### [WORK TO BE COMPLETED]
Where the line containing "Winnipeg teen facing" appears in the entries below, begin there and output every line through the last, exactly, minus the pictures.

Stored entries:

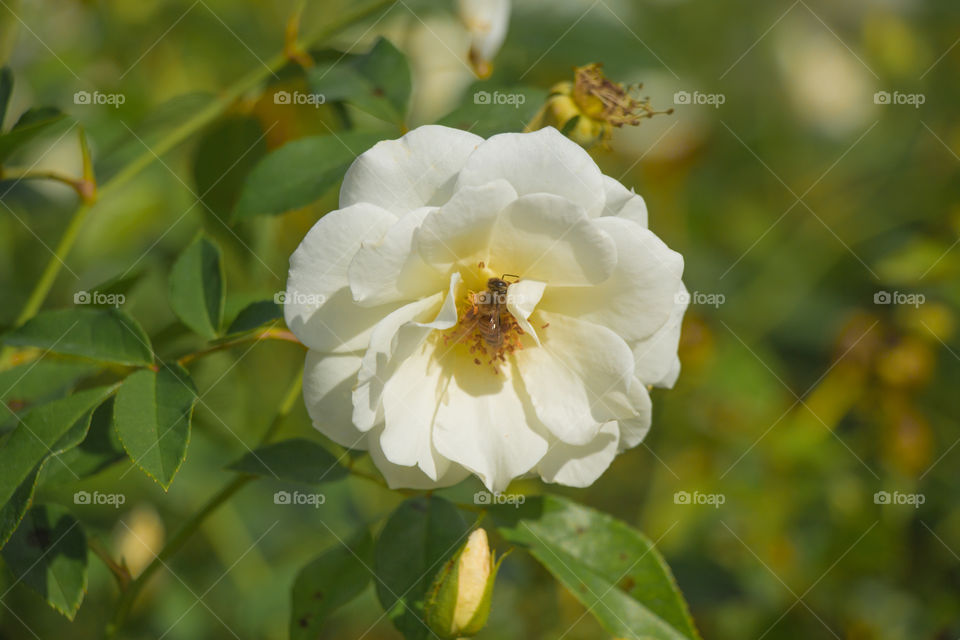 Bee in flower 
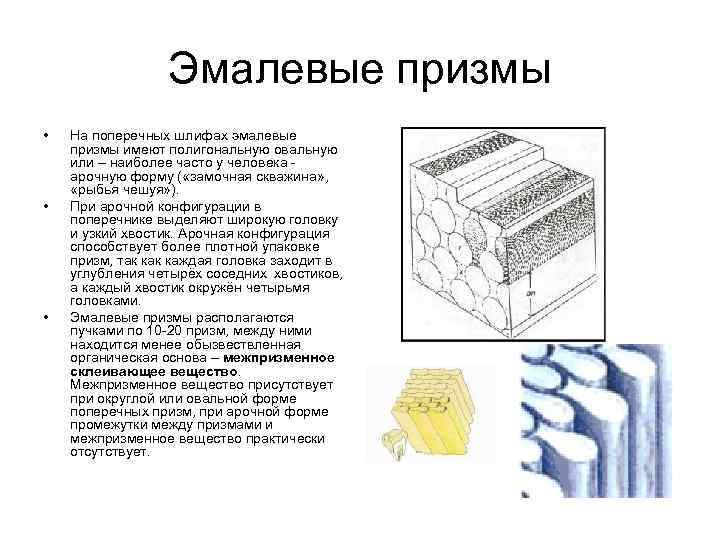 Эмалевые призмы • • • На поперечных шлифах эмалевые призмы имеют полигональную овальную или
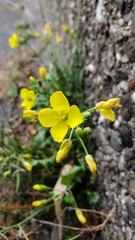 Diplotaxis tenuifolia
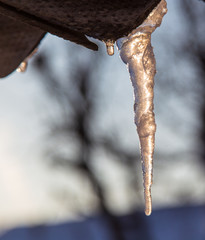 Icicles hang from the roof in winter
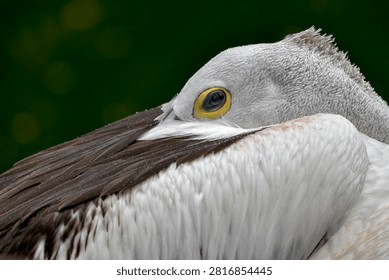 sleeping pose of a pelican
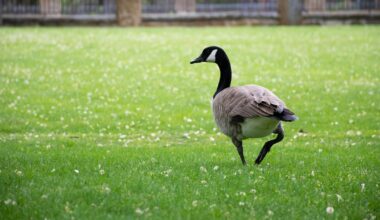 Winnipeg teen facing charges after Canada geese killed: police - CTV News
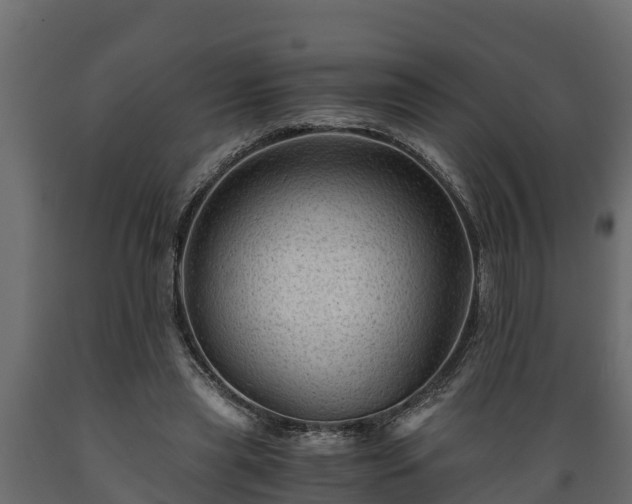 X0000089920445200707061022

### [EXERCISE SOLUTION]
 Winnipeg teen facing charges after Canada geese killed: police - CTV News
 X0000089920445200707061022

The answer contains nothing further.